**Dataset extract:**
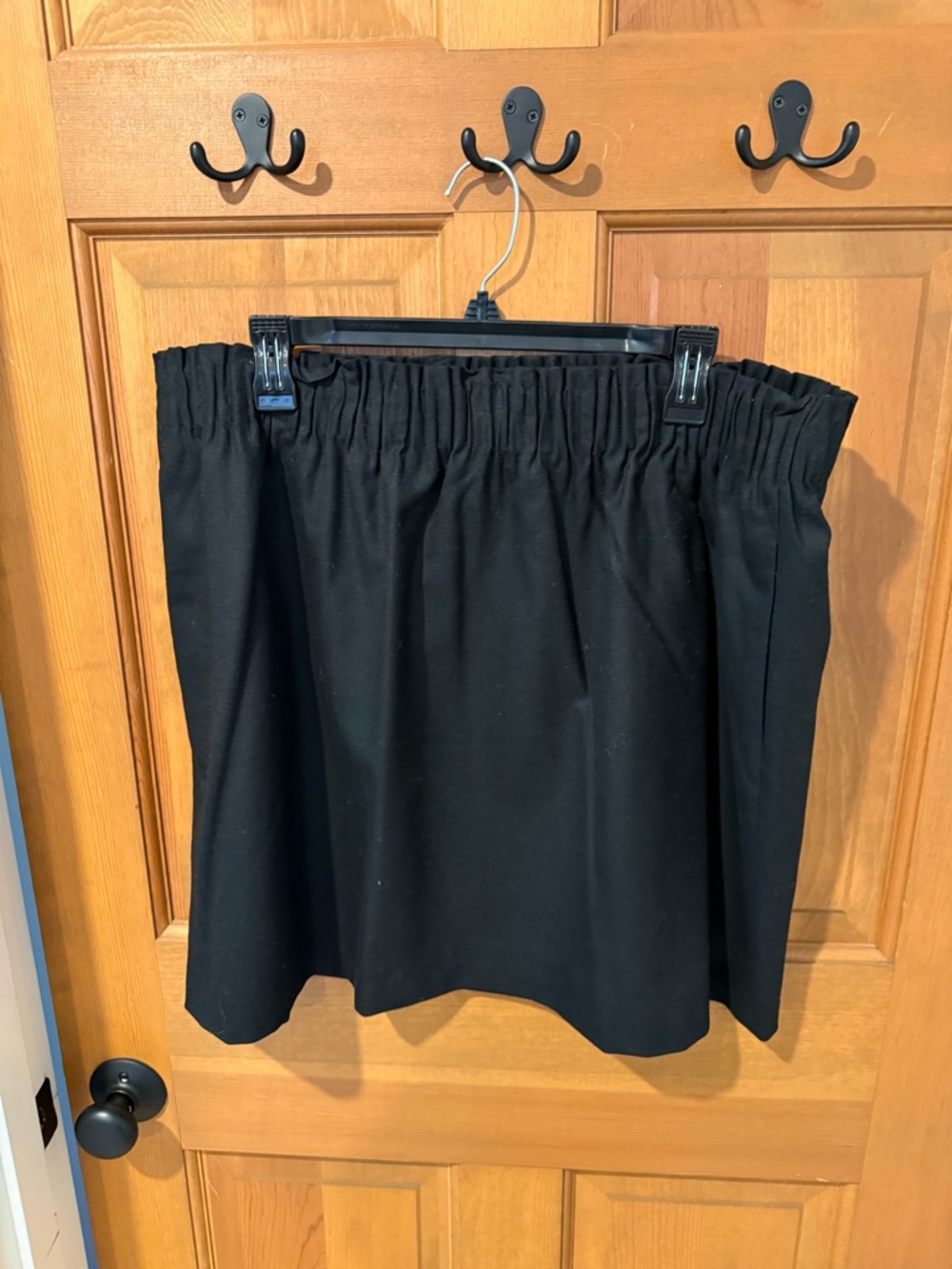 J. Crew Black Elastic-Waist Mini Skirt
---
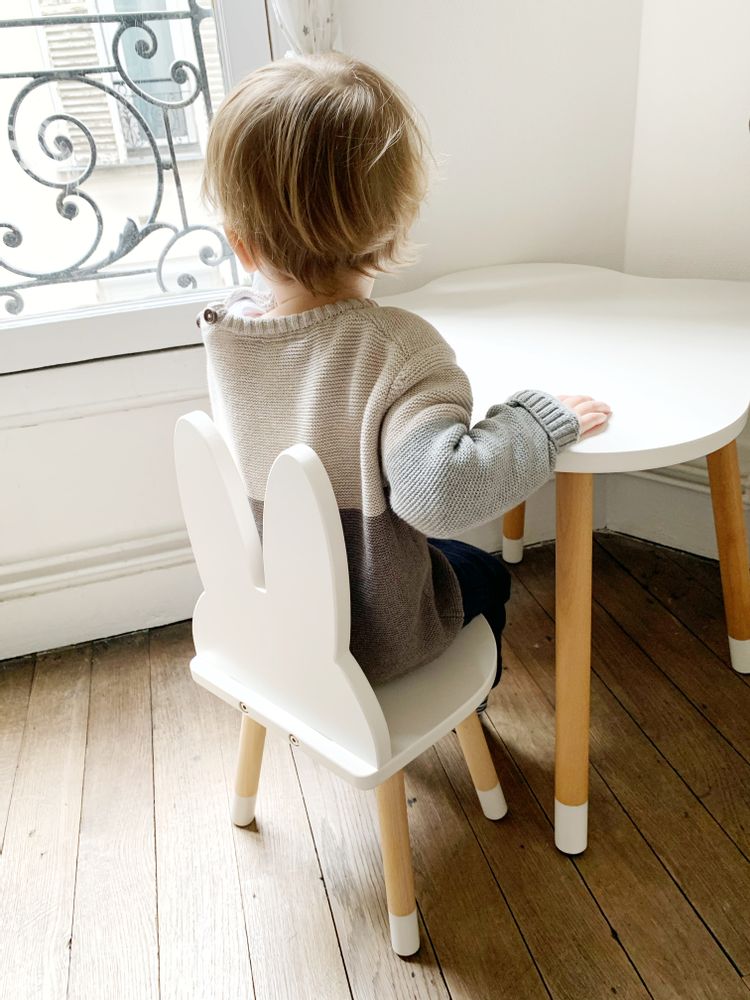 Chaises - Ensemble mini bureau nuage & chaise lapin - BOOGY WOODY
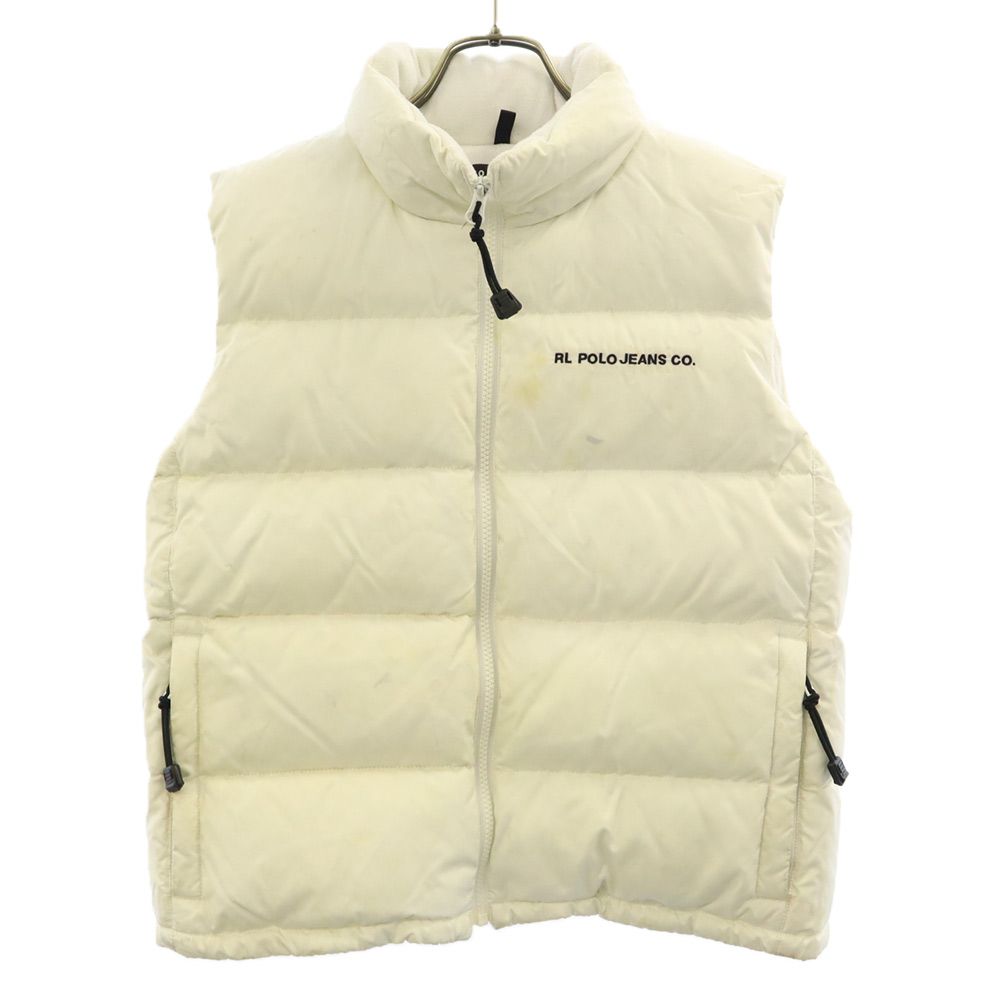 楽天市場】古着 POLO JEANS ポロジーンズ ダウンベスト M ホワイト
* * *
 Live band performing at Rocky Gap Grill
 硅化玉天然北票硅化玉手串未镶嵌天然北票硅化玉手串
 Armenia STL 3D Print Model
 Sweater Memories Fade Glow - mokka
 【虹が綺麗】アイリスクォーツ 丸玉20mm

**Your objective:** Without the pictures, set down the lines above from the line with "Chaises - Ensemble" up to and including the line with "楽天市場】古着 POLO JEANS ポロジーンズ ダウンベスト M ホワイト" exactly as they stand.

**Reply:**
 Chaises - Ensemble mini bureau nuage & chaise lapin - BOOGY WOODY
 楽天市場】古着 POLO JEANS ポロジーンズ ダウンベスト M ホワイト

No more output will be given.